Thanksgiving has come to be known as the great American day of indulgence: a day of over-eating, over-sharing and over-spending on Black Friday deals- like that shockingly discounted cooler or that 72-inch flat-screen TV complete with a mail-in rebate. We, the people, have taken our constitutionally granted liberty to take Thanksgiving as the seminal day to relax, spend time with family, and be grateful for all of the excess and privilege we have in our lives. Being grateful is undoubtedly a good thing for our mental and emotional well-being and so is having a holiday that gives us an excuse to appreciate our friends, family, and freedom. However, a growing cohort of Boulder-based companies, are proving that, despite the glut of this Thanksgiving holiday, less can definitely be more and bigger is not always better.
Local companies like Rhino Cubed and Wee Casa have been on the forefront of the Tiny Home Movement. Tiny Homes are dwellings that are less than 1,000 square feet and they typically cost between $20,000 and $80,000, around a quarter of the cost of the average home price in America. Proponents of the Tiny Home movement argue that, with proper design and an efficient use of space, families can have comfortable living quarters in homes that are more environmentally and economically sustainable than the average home. As many of us sit on our couches on this Thanksgiving day in suburban houses, on sprawling lots, with SUVs in our garages, this movement may seem like it runs contrary to many American ideals. However, in cities like Boulder, where home prices continue to rise, and many have lingering loads of school or mortgage debt, a tiny home is an attractive proposition.
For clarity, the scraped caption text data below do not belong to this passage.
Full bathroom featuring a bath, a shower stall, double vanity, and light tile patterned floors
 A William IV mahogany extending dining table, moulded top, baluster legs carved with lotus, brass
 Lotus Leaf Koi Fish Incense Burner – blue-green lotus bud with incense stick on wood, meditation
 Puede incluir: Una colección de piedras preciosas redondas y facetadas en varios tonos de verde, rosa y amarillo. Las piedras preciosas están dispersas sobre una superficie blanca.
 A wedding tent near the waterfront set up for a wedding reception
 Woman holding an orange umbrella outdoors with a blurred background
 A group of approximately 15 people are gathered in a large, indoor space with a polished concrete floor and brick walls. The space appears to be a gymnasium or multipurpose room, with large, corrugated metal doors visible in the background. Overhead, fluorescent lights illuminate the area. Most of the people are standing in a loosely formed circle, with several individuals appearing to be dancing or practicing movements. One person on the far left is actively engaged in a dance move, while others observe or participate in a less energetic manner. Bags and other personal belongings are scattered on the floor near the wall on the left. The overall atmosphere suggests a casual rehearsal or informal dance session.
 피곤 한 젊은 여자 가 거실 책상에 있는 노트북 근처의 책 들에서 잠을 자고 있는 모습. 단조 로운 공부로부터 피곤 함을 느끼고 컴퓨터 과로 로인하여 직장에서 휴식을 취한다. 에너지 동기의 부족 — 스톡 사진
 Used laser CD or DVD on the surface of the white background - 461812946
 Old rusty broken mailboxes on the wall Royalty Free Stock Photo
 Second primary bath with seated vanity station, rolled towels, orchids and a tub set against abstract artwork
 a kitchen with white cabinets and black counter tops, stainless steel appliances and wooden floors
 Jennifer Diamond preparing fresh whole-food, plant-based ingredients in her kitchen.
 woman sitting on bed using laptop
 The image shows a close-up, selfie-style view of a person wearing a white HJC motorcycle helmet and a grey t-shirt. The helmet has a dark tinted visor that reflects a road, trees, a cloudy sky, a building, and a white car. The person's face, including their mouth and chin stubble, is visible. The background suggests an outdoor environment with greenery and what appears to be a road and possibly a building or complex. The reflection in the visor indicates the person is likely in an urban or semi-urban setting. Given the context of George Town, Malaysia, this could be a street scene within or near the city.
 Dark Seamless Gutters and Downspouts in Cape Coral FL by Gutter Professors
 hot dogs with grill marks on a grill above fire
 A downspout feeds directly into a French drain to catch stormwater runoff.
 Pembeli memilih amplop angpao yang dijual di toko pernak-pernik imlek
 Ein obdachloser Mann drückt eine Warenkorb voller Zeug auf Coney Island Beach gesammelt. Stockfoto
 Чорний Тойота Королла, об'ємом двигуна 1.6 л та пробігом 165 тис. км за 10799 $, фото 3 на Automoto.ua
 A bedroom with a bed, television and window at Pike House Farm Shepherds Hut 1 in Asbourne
Further, as concerns about climate change, the global economy, and population growth continue to intensify, it’s important for us, citizens of the world, to evaluate how our everyday living conditions will affect the future. By reducing the amount of space that we need, and the amount of land that we utilize, we can reduce our impact on the environment. Living smaller, living cheaper, and valuing moderation and frugality over surplus and waste, will likely prove to be a worthwhile effort in the long run. So, as we eat our heaps of turkey and drink our batches of wine, let’s have a little food for thought and think about the mission of companies like Rhino Cubed and Wee Casa and see if we can wrap our head around the Tiny Home Movement and what it could mean for the future.